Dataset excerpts
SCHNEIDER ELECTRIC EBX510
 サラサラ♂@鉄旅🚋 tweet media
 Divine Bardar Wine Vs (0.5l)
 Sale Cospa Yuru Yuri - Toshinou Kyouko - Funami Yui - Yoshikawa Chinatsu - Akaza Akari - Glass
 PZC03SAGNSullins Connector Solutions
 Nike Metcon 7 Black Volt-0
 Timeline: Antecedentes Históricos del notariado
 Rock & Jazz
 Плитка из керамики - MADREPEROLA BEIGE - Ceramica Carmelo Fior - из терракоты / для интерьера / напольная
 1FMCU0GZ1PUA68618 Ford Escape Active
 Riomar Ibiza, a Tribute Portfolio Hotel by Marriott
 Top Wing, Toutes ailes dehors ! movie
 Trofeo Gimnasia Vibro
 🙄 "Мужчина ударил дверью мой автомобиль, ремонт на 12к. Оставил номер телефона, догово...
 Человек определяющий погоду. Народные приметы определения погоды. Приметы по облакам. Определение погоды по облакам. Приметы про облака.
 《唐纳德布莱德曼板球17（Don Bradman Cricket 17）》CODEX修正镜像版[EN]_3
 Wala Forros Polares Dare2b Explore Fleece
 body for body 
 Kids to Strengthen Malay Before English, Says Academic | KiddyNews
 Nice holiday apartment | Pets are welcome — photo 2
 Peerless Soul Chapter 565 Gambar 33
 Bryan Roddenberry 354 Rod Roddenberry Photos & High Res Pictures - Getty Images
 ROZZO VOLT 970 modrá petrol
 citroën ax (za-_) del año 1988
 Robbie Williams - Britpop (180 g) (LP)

Exercise requirements
Could you restate every entry above word for word?

Answer for the task
SCHNEIDER ELECTRIC EBX510
 サラサラ♂@鉄旅🚋 tweet media
 Divine Bardar Wine Vs (0.5l)
 Sale Cospa Yuru Yuri - Toshinou Kyouko - Funami Yui - Yoshikawa Chinatsu - Akaza Akari - Glass
 PZC03SAGNSullins Connector Solutions
 Nike Metcon 7 Black Volt-0
 Timeline: Antecedentes Históricos del notariado
 Rock & Jazz
 Плитка из керамики - MADREPEROLA BEIGE - Ceramica Carmelo Fior - из терракоты / для интерьера / напольная
 1FMCU0GZ1PUA68618 Ford Escape Active
 Riomar Ibiza, a Tribute Portfolio Hotel by Marriott
 Top Wing, Toutes ailes dehors ! movie
 Trofeo Gimnasia Vibro
 🙄 "Мужчина ударил дверью мой автомобиль, ремонт на 12к. Оставил номер телефона, догово...
 Человек определяющий погоду. Народные приметы определения погоды. Приметы по облакам. Определение погоды по облакам. Приметы про облака.
 《唐纳德布莱德曼板球17（Don Bradman Cricket 17）》CODEX修正镜像版[EN]_3
 Wala Forros Polares Dare2b Explore Fleece
 body for body 
 Kids to Strengthen Malay Before English, Says Academic | KiddyNews
 Nice holiday apartment | Pets are welcome — photo 2
 Peerless Soul Chapter 565 Gambar 33
 Bryan Roddenberry 354 Rod Roddenberry Photos & High Res Pictures - Getty Images
 ROZZO VOLT 970 modrá petrol
 citroën ax (za-_) del año 1988
 Robbie Williams - Britpop (180 g) (LP)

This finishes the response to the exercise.